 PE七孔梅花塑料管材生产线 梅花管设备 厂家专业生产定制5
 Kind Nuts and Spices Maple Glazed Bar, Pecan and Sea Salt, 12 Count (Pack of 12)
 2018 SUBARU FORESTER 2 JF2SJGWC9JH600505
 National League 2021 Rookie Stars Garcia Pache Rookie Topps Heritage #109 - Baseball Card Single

...

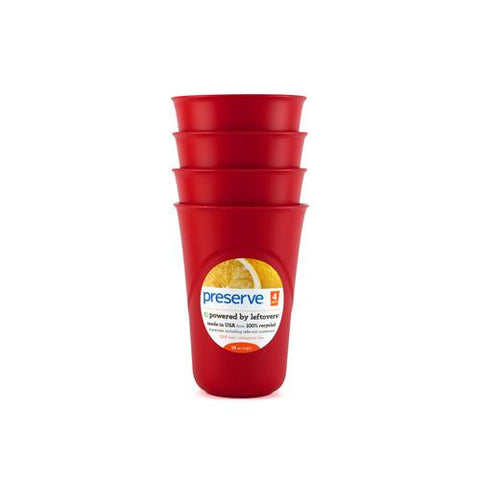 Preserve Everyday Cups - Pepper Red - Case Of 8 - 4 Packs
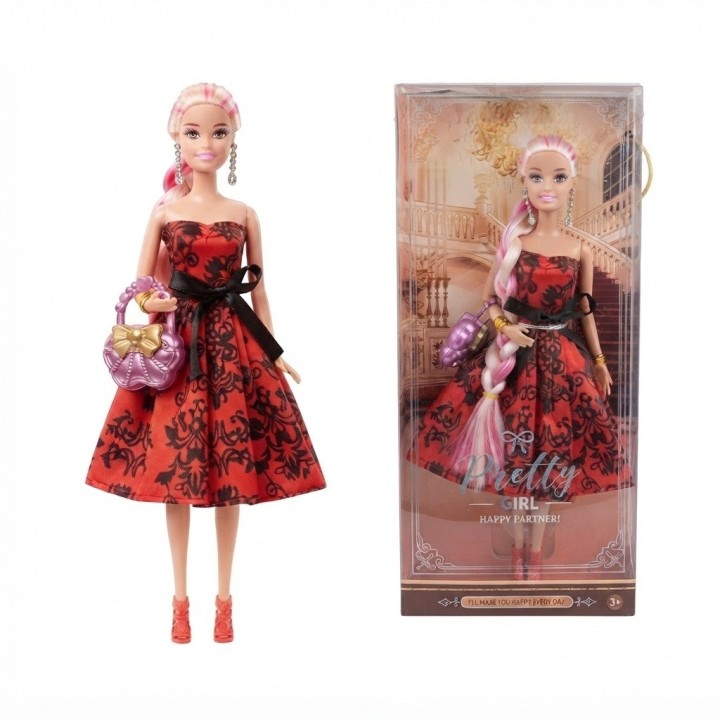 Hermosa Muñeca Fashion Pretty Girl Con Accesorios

Directions for this task: Give back exactly the lines above starting at the line where "PE七孔梅花塑料管材生产线 梅花管设备 厂家专业生产定制5" appears and ending at the line where "National League 2021" appears, both included, with no other lines.

Task solution:
 PE七孔梅花塑料管材生产线 梅花管设备 厂家专业生产定制5
 Kind Nuts and Spices Maple Glazed Bar, Pecan and Sea Salt, 12 Count (Pack of 12)
 2018 SUBARU FORESTER 2 JF2SJGWC9JH600505
 National League 2021 Rookie Stars Garcia Pache Rookie Topps Heritage #109 - Baseball Card Single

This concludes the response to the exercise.